Twilio Flex Review

Anita Raghav

Dec 2, 2023 | 5 mins read

“Criticism, like rain, should be gentle enough to nourish a man’s growth without destroying his roots.”
– Frank A. Clark

One of the major events in the voice industry which no one could ignore was the launch of Flex by Twilio.

Here goes our review of Flex from a contact center industry perspective and what we feel about it. We have evaluated it from a contact center user perspective and what works/doesn’t work for a regular contact center user like an agent, a supervisor or an admin.

Twilio Flex Reviews

Signup:

The signup process is seamless. In signature Twilio style, the UX is very very user-friendly.

Onboarding:

Once we log in, I could not see anything different from the actual Twilio platform. This is both good and bad news. I remember when we launched KOOKOO platform in India and expected users to build their own call flows, the one group it never took off with was the contact center users. There are not too many developers who work in this segment nor influence the contact center processes within their organizations. The best impact I have seen of developers in the contact center process is with <1% of the 1000+ enterprise client base we have.
But the good news is the brave attempt to leave the product completely open to users and expect/allow them to build. This move reemphasizes Twilio as an API company to the core.

Core functions of a contact center:

Now, Contact Center users are expected to learn a great deal when they switch from one product to another, but core functionalities of a product like ACD or a dialer algorithm is already built in. Twilio Flex is expecting users to build these functionalities on their own. This needs capabilities available very rarely in this industry. Also, expecting every organization to their own ACD is a dual-edged sword. Most of the users would want a ready-made setup, to the extent that we almost always have set up the initial IVR, agents, ACD, Queues and Voicemail/AOH setup for all clients who sign up with us.
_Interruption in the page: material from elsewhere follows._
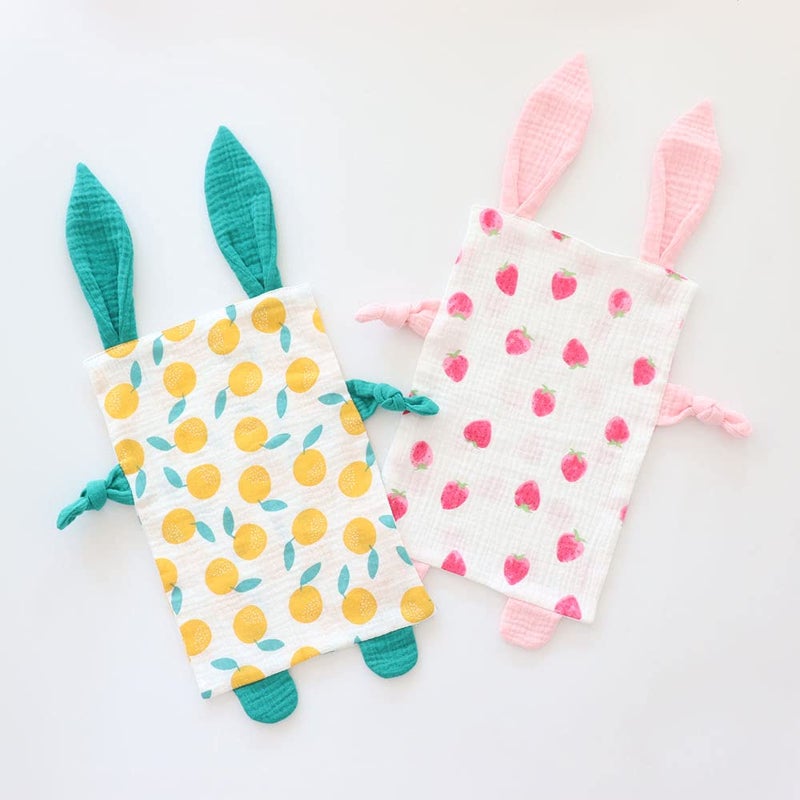 Emenpy Bunny Security Blanket for Boys and Girls,Cotton Soft Breathable Muslin Soothing Towel Appeasing Toy for Infant,Newborn Gift,2 Pcs Set (Strawberry&Orange) - Image 1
It is not about self-signup but more of customer service and helping them launch successfully with your product. Looks like Twilio will have to invest a lot into integration coaches & design specialists who will onboard customers or build a great partner network.

If the idea is the partners will build in a standard app and sell on top of flex, isn’t that what Talkdesk has already done? It leaves a big question mark on whether companies can depend on Twilio to scale a business or will Twilio at some point launch a separate api structure to attract users of that business since the original app gained lot of traction. Looks like future revenue growth target commitments are impacting some core fundamentals they shouldn’t have touched as a platform player.

Features:

While the API usage is one set of challenges, the designer/flow builder is another set. Contact centers are not simple in flow where you give conditional call flow boxes for users to configure especially when you have 100 agents or more. Users would want the system to have the logic to dial agents, in priority, make them sticky to customers, even allow them to go on breaks – the entire Contact Center industry follows a standard process and the product has to work to that Without that, there will be very less organic user adoption and Flex will have to Flex a lot of marketing muscle for users to adopt.

Also, while all contact center features are mentioned on the Flex features page, could not see how we can set it up easily. For example, call waiting is a standard feature and in KooKoo it is a default setting enabled for an account. Here, even on searching, we couldn’t find
This means Twilio will have to invest in a lot of training which contradicts their self-serve motto.

Unlike the tech developer API platform, this segment is tough to change and sometimes it is easier to usher change with a balance in approach than being very radical. Also, I haven’t met too many developers who actually understand what goes in a contact center process.

Outbound Dialers:

Again, coding required ( This statement is redundant for this review ? While all our customers appreciate an API to manage data in the dialer campaign, we haven’t seen too many customers who want to create campaigns with API’s except a few. Further, supervisors like to have manual control of the data so they always can do the right thing, during emergencies in ops.

Configuration:

Almost all the functionality is dependent on being written in code. While this worked at the platform level, expecting 100 users to code on their own to write the same functionality is ridiculous. That is why the product route caters well to this market than the platform approach.

Cost Responsibility:

Twilio has forgotten in its success of the platform, that contact center industry runs as a cost center in any business, unlike the jazzy developers who have adopted their awesome platform. While changing the user behavior itself is a challenge, the bigger challenge is who will bear the cost of the developers who are supposed to integrate Flex into their contact center team process.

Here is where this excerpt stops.